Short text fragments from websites
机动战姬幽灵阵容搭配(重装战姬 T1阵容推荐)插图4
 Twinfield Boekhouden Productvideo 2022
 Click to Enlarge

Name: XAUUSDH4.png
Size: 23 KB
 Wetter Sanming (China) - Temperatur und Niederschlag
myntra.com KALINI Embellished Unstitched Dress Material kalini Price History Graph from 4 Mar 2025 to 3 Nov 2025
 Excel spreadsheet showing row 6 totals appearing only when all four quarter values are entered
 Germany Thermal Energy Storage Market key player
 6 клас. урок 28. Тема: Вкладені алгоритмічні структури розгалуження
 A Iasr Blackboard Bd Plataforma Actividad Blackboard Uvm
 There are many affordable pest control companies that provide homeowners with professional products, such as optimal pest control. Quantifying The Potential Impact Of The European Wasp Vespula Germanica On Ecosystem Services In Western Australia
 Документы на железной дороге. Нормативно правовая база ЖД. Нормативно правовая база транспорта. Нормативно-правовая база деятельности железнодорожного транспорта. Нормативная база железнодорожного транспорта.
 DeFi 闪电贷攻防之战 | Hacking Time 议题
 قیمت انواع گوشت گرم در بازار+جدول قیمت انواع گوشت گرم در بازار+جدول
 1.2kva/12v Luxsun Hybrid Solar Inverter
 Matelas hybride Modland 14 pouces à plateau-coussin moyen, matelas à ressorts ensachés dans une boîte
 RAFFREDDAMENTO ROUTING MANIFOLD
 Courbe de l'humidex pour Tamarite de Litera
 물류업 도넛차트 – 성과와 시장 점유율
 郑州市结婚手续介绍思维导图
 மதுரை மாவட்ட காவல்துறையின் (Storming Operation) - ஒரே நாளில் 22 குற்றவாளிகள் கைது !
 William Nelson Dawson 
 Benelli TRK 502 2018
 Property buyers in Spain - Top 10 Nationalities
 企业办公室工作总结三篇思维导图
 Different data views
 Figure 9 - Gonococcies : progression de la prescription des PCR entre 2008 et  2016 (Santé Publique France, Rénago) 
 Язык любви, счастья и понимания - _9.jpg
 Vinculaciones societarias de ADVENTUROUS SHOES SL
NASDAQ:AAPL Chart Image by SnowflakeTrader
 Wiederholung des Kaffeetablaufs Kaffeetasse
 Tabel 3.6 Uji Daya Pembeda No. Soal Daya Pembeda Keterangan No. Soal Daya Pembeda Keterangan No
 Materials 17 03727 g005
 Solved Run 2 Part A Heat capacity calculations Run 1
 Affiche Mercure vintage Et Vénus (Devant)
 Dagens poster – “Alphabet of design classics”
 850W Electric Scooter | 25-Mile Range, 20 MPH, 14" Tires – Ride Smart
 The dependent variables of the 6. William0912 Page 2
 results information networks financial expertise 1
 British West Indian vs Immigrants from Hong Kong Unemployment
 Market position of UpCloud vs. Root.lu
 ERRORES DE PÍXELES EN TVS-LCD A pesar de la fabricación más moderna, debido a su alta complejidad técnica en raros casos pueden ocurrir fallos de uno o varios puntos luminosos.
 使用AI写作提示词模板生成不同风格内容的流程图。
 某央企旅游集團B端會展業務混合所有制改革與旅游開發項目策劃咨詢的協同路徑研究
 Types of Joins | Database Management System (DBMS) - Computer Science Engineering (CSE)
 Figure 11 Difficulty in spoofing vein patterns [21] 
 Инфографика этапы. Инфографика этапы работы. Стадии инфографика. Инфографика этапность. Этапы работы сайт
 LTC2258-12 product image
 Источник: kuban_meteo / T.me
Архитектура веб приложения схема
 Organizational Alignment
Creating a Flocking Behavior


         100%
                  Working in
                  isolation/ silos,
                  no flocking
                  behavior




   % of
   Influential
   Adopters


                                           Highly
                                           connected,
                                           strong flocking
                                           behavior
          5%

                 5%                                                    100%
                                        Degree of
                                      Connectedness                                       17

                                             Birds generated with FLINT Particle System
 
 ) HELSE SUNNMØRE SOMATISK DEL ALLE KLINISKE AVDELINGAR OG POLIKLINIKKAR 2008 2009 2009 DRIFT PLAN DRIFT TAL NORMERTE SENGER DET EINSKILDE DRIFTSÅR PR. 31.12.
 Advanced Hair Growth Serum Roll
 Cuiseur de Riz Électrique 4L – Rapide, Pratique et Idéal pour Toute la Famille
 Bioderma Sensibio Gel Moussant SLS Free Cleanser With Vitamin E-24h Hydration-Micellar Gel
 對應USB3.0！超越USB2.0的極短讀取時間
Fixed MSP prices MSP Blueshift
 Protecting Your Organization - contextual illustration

→ Task prompt
Both the line containing "The dependent variables" and the line containing "Figure 11 Difficulty" belong in the answer. Print them and every line above that falls between them exactly, and no others.

→ Completed exercise
 The dependent variables of the 6. William0912 Page 2
 results information networks financial expertise 1
 British West Indian vs Immigrants from Hong Kong Unemployment
 Market position of UpCloud vs. Root.lu
 ERRORES DE PÍXELES EN TVS-LCD A pesar de la fabricación más moderna, debido a su alta complejidad técnica en raros casos pueden ocurrir fallos de uno o varios puntos luminosos.
 使用AI写作提示词模板生成不同风格内容的流程图。
 某央企旅游集團B端會展業務混合所有制改革與旅游開發項目策劃咨詢的協同路徑研究
 Types of Joins | Database Management System (DBMS) - Computer Science Engineering (CSE)
 Figure 11 Difficulty in spoofing vein patterns [21] 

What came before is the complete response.